Ages & Profile Parsing


To examine the relationship between lexical diversity and age, we gathered the ages of Fanfiction.net
users from their profiles. We parsed biography text from the entire set of 8,492,273 user profiles, and
extracted self-reported age information using regular expressions. We found 284,448 profiles
containing self-reported ages (M: 16.80, SD: 8.32). 62.3% of them were aged 13 to 19, indicating that
a majority of Fanfiction.net users are adolescents. This is supported by data from previous work (Yin et
al., 2017). We computed author age approximations for each fanfiction chapter by adding their self-
reported age to the difference between the chapter publication and user profile update times. For
instance, a user who updated their profile in January 2010 stating they were 21, and published a story
in June 2011, would be estimated at 22.5 years old for that story. Self-reported ages have obvious
limitations; for example, reported ages ranged from 0 to 99 years old. 105,184 users were excluded
from the analysis because they did not author any English fanfiction, we excluded 24,792 authors who
reported ages that placed their adjusted age below 10, and 21 were eliminated because their profile
update time could not be found. The analysis includes 154,451 authors and their ages and lexical
diversity for 3,696,107 fanfiction chapters.

Lexical Diversity Scoring


MTLD is defined as the average length of substrings within a text that maintain a given ratio of unique
words to total words. The algorithm keeps track of a running type-token ratio (TTR) as each word is
processed sequentially; the running TTR increases when new words are found and decreases when
word repetitions occur. The algorithm maintains a count of “factors,” defined as a sequential group of
words with a TTR of 0.72 or below (McCarthy & Jarvis, 2010). Each time a factor is found, the running
TTR is reset and a count of factors is incremented by one. When the algorithm completes, any
remaining words become a partial factor, which is 0 if the running TTR is 1.00 and approaches 1 as the
running TTR approaches 0.72. The output unit of MTLD is the mean length in words of factors within
the given text. We chose to use the 0.72 threshold provided by McCarthy and Jarvis (2010), which was
calibrated using a corpus containing fiction and nonfiction texts. We implemented MTLD in Python (see
www.github.com/jfrens/lexical_diversity) and processed 28,493,311 fanfiction chapters with minimum
length 100 words. In total, 61,560,528,896 words were processed.

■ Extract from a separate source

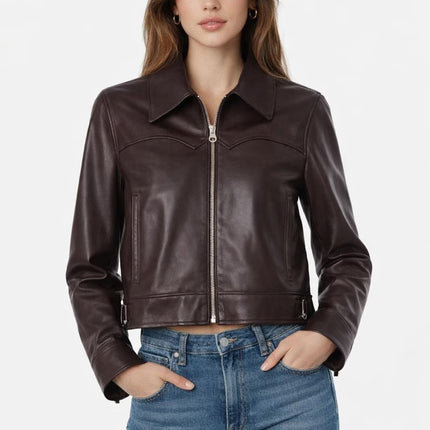 Women's Dark Brown Cropped Cowgirl Leather Jacket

Publication Time Estimation, Language, and MTLD Outliers


Chapter publication times are not directly accessible on the website, thus we made estimates using
story and review metadata. We took the story publication time as the time for the first chapter. For
subsequent chapters, we used the time of the first review as an estimate of its time of publication. To
verify the accuracy of this estimate, we compared story publication time with first review time for first
chapters, and found that the median time to review a first chapter was 3 days, and 42% of first chapters
received their first review within 24 hours. Chapters with zero reviews were assigned publication times
equal to the nearest known chapter times.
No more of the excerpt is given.